China has been searching for suitable corporate forms since 1978 (Nee, 1992). Reformers studied Japanese and Korean business groups and were impressed by their evident capacity to absorb new technology, deliver stable financial performance, and achieve international competitiveness (Ma & Lu, 2005). Reformers believed that business groups might accomplish the same objectives for China. Beginning in 1987, the state signalled that it would favour the reorganization of SOEs into recognized business groups. What followed was a rampant business group fever (Hahn & Lee, 2006), resulting in a dramatic growth in the number of business groups.
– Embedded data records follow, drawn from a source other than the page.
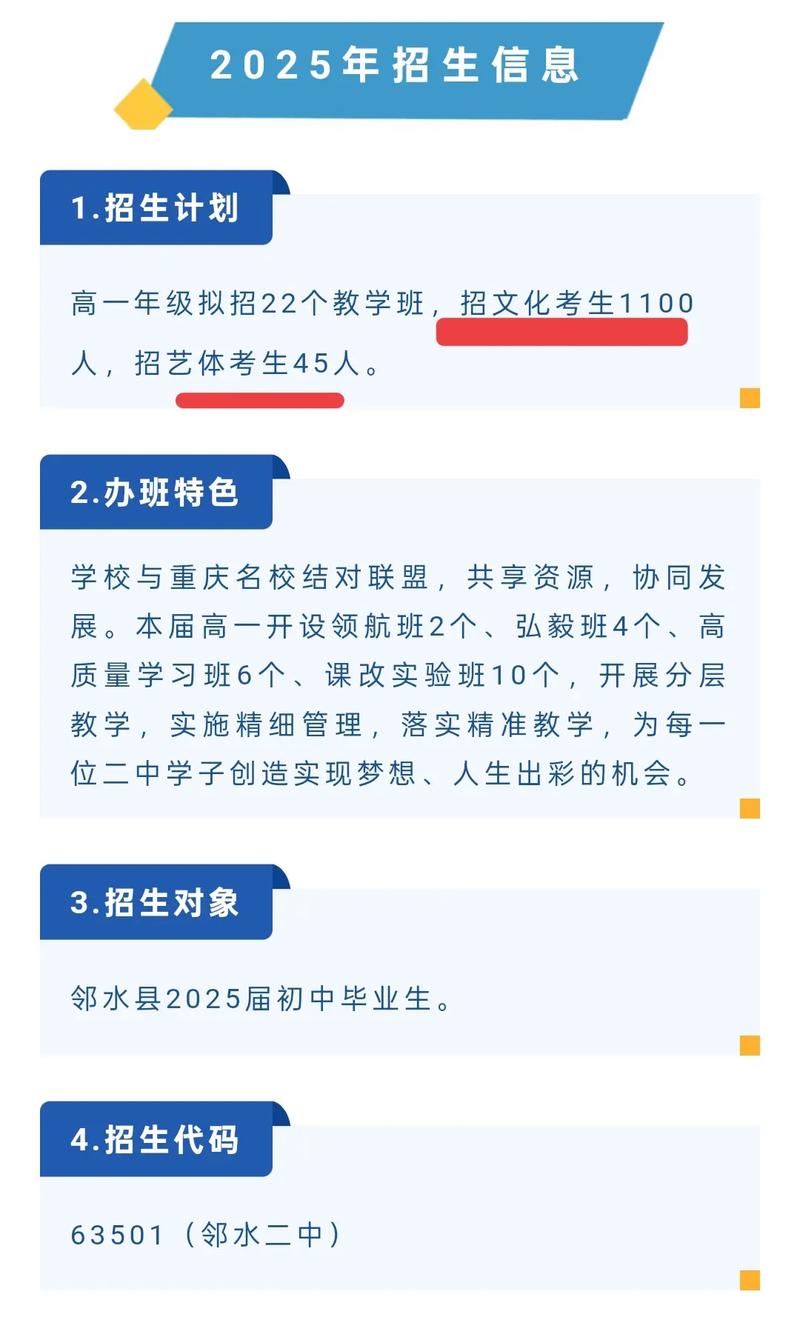邻水高考补习学校哪家强？孩子成绩差家长别慌看这里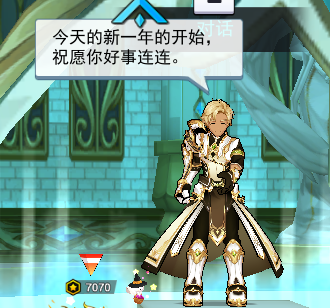 QQ截图20250130225529.png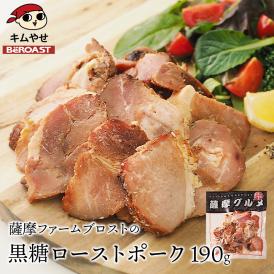 薩摩ファームブロストの黒糖ローストポーク190g【冷凍便】 ＃8
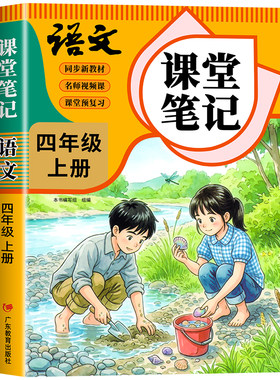 四年级下册课堂笔记人教版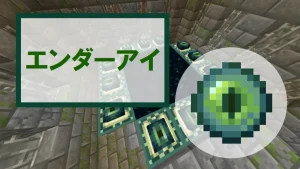 【マイクラ】エンダーアイの特徴・入手方法・使い方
While the number of registered business groups reached some 7,000, most were small and lacked coherence (Wu, 1990).
To achieve reformers' policy goals, it was evident that significant consolidation was required. In 1991, China's central legislative body, the State Council, identified fifty-seven large groupings described as the National Trial Groups. These state-owned groups were entrusted with a complex socio-economic mission of leading a particular sector into international markets and, at the same time, absorbing a number of underperforming enterprises in return for favourable access to capital and protection from competition (Nolan, 2001). The experiment was judged a success and encouraged the State Council to select a second batch of sixty-three trial groups in 1997. Together these groups are colloquially known as the ‘National Team’ (Nolan, 2001). Yet, despite reformers' efforts at consolidation, business groups continued to proliferate. China is a decentralized federal state with significant responsibility for economic affairs delegated to provinces and large municipal governments. Each provincial government sought to mimic the national policy initiative by organizing local enterprises into a second tier of regional business groups. As reforms proceeded, SOE managers were frequently able to buy-out their enterprises, often at very low prices, and de novo groups founded by private entrepreneurs appeared. In this fashion, numerous private business groups began to emerge on the fringe of the economy. Private business groups (PBGs) are controlled and operated by founder-entrepreneurs, their families, and trusted business partners. As relative newcomers on the economic scene, they have not yet received much attention from researchers, and, due to differences in their ownership, PBGs merit separate consideration (Almeida & Wolfenzon, 2006).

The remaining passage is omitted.